Physical oceanography is a data intensive science with increasingly large amounts of data generated from observations and numerical models. With high resolution and detailed datasets comes the expectation of improved understanding of our oceans and climate. However, it is a challenge for the ocean and climate community to benefit from this newfound richness of data. Traditional software tools and approaches do not scale well enough to deal with the volume of data produced. Individual researchers, both established and early in their careers, may lack the technical skills to be able to work with such immense datasets. My research is about discovering new methods to enable these researchers to work with big data in physical oceanography.
Across many scientific disciplines, there has been a surge of interest in data science, big data, and data driven discovery as a novel paradigm in science building on more established methods of observation and experiments, theory, and computational simulation. This new approach has generated frameworks extensively used in fields such as bioinformatics, high-energy particle physics, and astronomy. I am exploring how such a data intensive approach could benefit physical oceanography.

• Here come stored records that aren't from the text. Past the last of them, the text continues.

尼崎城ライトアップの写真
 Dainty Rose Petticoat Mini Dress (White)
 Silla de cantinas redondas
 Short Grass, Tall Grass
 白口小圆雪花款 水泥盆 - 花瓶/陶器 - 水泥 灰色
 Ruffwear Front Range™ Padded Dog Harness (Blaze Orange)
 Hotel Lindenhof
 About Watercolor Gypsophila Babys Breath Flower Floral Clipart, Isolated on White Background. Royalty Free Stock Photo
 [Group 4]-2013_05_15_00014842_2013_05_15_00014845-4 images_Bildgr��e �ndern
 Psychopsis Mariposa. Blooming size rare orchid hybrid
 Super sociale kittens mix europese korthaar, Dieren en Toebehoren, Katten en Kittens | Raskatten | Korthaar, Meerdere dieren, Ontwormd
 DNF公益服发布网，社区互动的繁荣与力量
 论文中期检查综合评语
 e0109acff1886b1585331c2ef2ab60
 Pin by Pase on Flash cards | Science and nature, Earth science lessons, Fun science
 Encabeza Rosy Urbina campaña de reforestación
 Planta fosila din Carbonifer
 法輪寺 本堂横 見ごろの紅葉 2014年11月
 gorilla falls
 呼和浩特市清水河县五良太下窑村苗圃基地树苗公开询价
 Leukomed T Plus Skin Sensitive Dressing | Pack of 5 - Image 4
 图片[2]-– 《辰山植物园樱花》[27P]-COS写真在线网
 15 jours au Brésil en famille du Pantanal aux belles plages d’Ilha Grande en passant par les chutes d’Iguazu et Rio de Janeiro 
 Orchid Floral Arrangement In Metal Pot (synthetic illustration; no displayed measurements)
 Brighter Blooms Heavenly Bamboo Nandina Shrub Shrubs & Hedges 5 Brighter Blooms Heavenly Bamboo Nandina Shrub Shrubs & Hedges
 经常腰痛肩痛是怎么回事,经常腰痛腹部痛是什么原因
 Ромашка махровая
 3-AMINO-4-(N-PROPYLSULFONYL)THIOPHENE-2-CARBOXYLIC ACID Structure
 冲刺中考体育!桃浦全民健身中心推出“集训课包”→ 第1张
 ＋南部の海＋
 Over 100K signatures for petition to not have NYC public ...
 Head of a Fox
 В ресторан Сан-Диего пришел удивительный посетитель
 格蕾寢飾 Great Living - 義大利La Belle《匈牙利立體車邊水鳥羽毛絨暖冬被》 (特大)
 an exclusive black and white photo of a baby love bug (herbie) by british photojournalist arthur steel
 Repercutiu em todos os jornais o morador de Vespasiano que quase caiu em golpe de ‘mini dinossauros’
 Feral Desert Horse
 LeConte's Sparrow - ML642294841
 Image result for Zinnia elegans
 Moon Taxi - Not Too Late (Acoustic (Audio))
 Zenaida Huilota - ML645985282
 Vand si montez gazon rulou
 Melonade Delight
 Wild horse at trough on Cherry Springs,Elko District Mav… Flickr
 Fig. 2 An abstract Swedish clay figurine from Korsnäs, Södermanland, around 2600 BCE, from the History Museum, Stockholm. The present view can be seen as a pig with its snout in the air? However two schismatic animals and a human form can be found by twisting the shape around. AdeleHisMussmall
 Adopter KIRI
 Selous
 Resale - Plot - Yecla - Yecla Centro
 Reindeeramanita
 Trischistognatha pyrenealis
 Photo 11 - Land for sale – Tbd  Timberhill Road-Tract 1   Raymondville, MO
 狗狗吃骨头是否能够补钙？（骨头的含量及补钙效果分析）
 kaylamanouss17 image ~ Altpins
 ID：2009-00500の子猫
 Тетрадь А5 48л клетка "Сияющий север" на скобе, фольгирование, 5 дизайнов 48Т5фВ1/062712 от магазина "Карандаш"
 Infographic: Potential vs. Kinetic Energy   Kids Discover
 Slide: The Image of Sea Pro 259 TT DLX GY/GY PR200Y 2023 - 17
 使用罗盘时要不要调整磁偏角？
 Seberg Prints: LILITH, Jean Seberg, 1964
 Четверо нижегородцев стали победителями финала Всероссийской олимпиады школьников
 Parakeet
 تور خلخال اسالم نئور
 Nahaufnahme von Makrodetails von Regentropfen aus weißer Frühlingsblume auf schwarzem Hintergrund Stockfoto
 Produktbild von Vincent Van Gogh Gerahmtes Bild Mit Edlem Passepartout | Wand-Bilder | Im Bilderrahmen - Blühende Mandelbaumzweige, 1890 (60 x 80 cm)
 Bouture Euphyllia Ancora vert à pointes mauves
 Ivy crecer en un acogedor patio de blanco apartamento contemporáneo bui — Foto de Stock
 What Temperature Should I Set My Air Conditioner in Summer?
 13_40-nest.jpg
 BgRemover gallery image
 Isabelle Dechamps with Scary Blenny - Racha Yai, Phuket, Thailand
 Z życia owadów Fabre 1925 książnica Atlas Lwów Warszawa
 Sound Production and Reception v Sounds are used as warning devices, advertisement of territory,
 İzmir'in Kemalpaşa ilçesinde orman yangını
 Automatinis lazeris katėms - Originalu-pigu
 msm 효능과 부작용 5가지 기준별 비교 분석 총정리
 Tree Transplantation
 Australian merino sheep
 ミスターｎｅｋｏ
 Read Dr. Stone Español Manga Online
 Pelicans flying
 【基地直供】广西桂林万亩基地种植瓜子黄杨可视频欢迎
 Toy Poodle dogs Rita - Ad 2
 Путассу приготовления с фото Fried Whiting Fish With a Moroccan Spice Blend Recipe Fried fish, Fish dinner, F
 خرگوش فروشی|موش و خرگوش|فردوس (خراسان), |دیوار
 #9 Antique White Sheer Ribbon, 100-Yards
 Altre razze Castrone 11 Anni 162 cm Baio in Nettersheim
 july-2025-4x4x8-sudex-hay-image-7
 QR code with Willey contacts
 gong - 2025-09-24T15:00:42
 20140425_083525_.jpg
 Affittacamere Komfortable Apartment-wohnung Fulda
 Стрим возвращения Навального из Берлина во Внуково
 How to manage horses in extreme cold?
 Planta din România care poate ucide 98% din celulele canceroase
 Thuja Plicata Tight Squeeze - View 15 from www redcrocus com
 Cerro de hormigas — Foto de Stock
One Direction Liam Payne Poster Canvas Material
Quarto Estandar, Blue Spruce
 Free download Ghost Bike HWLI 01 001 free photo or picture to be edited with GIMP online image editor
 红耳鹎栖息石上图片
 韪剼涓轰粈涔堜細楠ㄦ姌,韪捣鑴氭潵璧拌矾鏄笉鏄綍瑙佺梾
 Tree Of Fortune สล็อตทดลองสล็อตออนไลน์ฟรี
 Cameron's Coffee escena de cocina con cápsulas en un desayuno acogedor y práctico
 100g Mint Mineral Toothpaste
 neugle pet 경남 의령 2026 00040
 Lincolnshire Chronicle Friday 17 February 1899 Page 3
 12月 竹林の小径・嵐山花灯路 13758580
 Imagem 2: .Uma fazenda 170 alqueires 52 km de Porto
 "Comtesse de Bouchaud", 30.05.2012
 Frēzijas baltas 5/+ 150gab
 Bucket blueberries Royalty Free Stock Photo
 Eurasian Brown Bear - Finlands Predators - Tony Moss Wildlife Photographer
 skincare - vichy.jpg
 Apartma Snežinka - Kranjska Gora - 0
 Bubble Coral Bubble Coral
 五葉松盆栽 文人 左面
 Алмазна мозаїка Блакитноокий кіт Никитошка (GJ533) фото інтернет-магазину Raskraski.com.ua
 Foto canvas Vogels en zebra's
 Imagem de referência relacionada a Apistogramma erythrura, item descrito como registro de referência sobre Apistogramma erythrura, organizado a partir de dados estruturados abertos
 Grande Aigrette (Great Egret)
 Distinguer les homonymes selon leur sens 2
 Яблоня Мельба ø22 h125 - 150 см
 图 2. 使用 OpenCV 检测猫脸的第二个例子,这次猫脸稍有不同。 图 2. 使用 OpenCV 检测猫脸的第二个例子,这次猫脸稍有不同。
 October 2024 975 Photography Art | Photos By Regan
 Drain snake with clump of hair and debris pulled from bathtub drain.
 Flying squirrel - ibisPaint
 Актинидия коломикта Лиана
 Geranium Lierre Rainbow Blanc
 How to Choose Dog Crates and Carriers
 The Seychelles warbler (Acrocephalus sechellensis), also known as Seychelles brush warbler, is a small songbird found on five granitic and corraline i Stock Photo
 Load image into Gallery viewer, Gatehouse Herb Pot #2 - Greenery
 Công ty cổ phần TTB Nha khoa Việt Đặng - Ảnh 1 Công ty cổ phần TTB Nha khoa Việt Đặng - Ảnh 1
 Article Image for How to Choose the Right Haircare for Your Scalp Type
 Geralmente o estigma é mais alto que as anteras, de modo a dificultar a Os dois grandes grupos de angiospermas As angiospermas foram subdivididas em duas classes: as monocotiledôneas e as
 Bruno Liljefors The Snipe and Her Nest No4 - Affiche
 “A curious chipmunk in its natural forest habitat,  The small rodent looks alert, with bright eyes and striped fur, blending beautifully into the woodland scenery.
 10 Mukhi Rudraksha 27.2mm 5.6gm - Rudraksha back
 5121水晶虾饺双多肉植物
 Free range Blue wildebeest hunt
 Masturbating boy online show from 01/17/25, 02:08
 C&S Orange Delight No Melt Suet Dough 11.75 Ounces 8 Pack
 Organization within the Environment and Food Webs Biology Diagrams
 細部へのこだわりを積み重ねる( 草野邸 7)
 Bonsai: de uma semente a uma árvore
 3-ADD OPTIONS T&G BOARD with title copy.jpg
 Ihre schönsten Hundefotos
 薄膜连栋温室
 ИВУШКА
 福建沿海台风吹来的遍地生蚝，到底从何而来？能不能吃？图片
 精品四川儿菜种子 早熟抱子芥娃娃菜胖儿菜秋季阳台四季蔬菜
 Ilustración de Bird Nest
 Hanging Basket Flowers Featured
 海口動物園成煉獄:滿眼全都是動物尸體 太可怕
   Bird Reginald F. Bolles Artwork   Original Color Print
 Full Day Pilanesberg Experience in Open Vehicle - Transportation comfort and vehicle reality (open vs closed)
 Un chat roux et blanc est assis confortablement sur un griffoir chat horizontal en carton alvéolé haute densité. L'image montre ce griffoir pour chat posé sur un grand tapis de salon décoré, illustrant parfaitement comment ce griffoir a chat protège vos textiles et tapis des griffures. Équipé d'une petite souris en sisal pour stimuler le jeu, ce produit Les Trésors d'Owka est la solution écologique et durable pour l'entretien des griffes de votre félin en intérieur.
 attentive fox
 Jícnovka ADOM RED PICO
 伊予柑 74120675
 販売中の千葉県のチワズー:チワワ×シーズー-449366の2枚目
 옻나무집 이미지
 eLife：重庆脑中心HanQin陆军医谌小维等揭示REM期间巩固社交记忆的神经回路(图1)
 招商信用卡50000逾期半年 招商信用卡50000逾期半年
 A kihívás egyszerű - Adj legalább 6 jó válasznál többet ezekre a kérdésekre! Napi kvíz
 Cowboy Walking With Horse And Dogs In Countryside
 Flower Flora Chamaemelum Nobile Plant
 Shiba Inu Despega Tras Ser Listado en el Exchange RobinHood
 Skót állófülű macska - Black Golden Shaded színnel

Numerical ocean models produce extreme amounts of computational output. Global ocean circulation models at tenth degree resolution are currently being used and there are plans over the next few years to develop models at thirtieth-degree resolution. Such simulations are typically run for several decades of model time generating a significant amount of data. There is an ongoing demand from the ocean modelling community for new methods to be able to analyze efficiently such output. By leveraging computational frameworks from other scientific disciplines, I am developing the new software frameworks that meets that demand.
A historical challenge in oceanography has been a limited amount of observational data. The ocean is effectively opaque to electro-magnetic radiation and in-situ measurements usually require very expensive ship based observations. Recently, there has been a significant increase in data richness as new initiatives such as cabled ocean observatories and autonomous sensor platforms are deployed. Programs such Ocean Networks Canada and the Ocean Observatory Initiative in the U.S. are beginning to produce unprecedented amounts of oceanographic data at very high resolutions. I am pursuing new techniques and technologies to perform data driven discovery with large, varied oceanographic datasets.
My research program seeks to enable physical oceanographers to efficiently gain value from their large datasets obtained from both numerical models and observations. I am proposing to demonstrate the efficacy of these new data intensive methods with the goal of minimizing the time required in training graduate students and reducing the effort required by other researchers to make novel discoveries from oceanographic datasets. Importantly, the development of these new methods and software tools is not done in isolation. In practice, my research is necessarily collaborative which maximizes its overall impact.